His help with the staff at Mission completely turned the school around, and years later in 2017, the school became the first public school from San Francisco to win the division state championship. The school also now has a waiting list for students that look to enroll.
Schaumburg’s next stint saw him land a job in Monmouth with the Western Oregon Wolves. He started off with a salary that didn’t even cover his rent, and had to coordinate with friends to have roomates that could split the monthly charge. After some time with WOU, Schaumburg had to move on due to expenses, but he soon found a home in Portland, working as an assistant for Lewis and Clark College. He got in connection with Coach Gibson, the current women’s head coach, and helped as an assistant with him at Pacific University in Forest Grove. He proceeded to take a year off from coaching, and now finds himself here with his first collegiate head coaching gig.

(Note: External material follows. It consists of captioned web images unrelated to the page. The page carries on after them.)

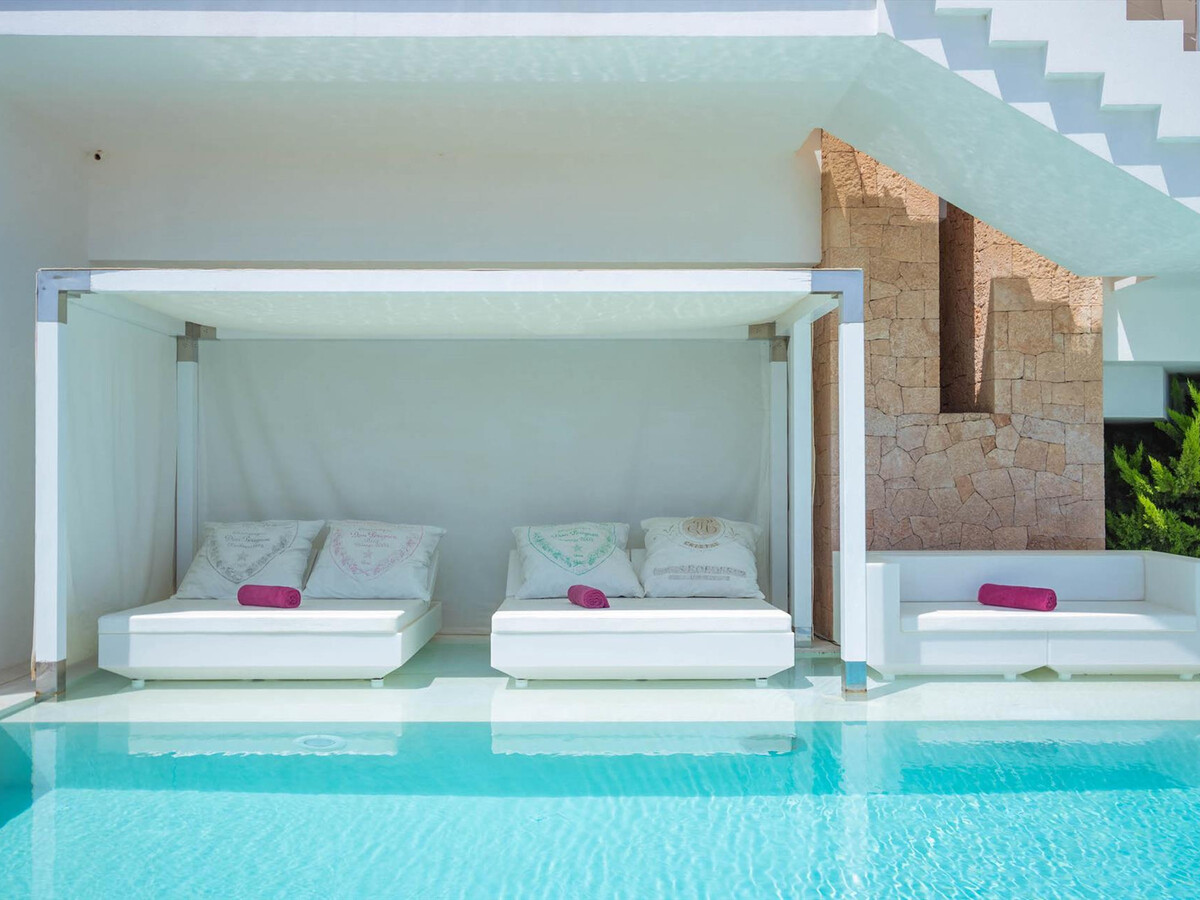 Villa Elysium Ibiza : 6 chambres, 4 piscines et cinéma - Photo 6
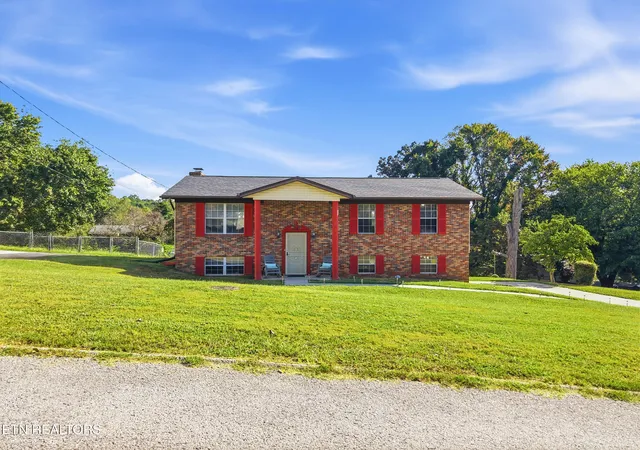 Photo 2 of Single family home for sale at 8420 Grane Lefe St, Knoxville, TN 37938 | MLS# 1355104 | Listing updated on 2026-09-11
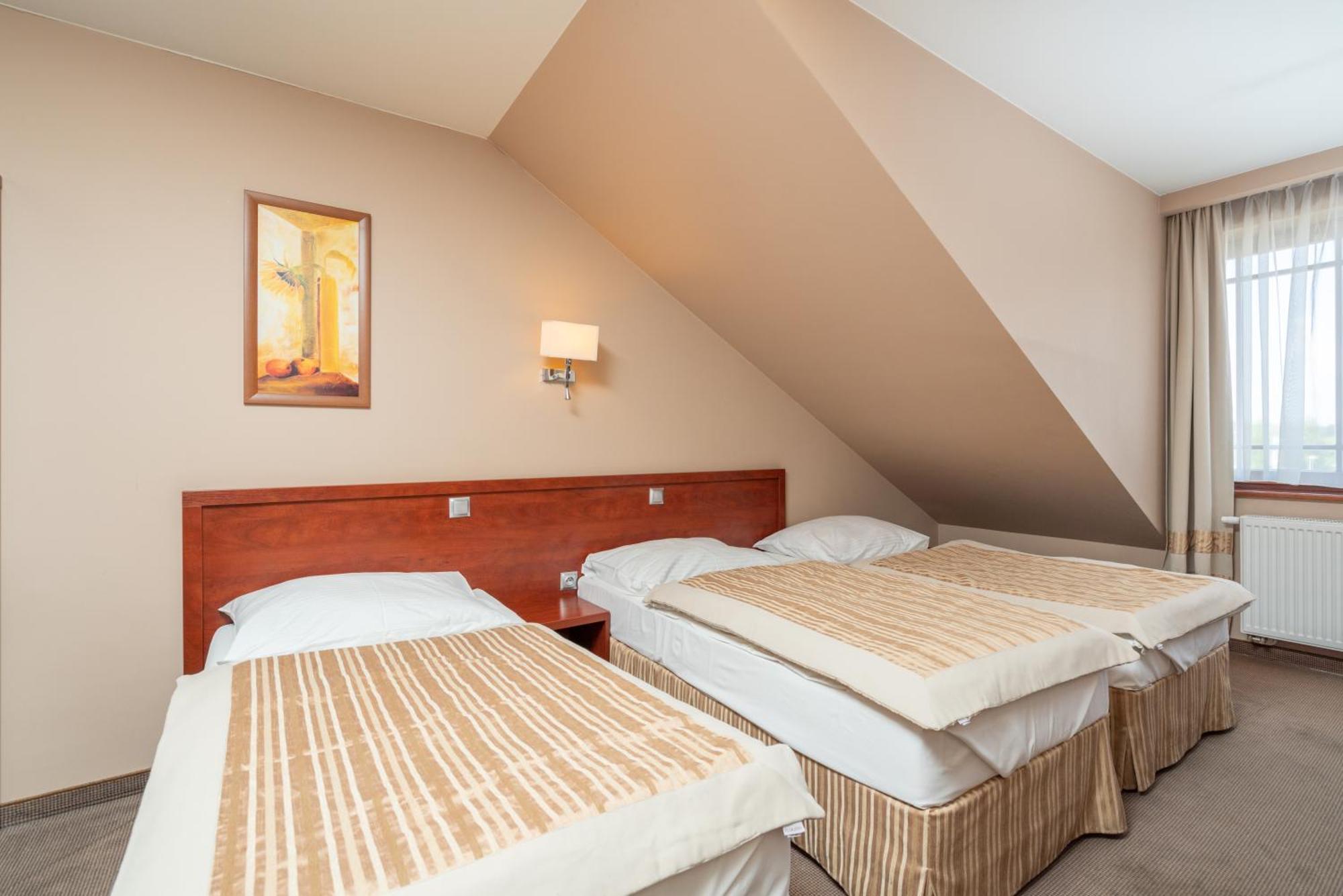 Hotel Badura Wadowice Luaran gambar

“At this point, It’s not really about chasing any dreams like coaching division 1 or something, which is why I love LBCC. I can run my program and work with people I want to work with each and everyday.”
Schaumburg is a welcome hire to lead the culture that Everett Hartman started, while also making it his own. Teamwork, hard work in the gym and the film room, and a strong player bond are all essential to success and those values are engrained well into the team. Schaumburg wants to fundamentally stand for three things on defense; ball pressure, rotation, and rebounding. On offense, he knows how quick you have to move the ball on a 30 second shot clock, and looks to utilize his big men in the paint to free up looks for his guards lurking in the backcourt. Schaumburg truly believes that you can capitalize on great player relationships, and how that mindset molds him into being a better coach and leader.
“I’ll give you this, I stole my coach philosophy from a french canadian chef, I forget his name, but he said he was a fan of the carrot, not the recipe,” said Schaumburg.
“What that means for me in basketball is I’m a fan of the player, not the playbook. Playbooks will be thin so we know it and know it well, so when it’s time to go out there, we don’t think; We just go hard.”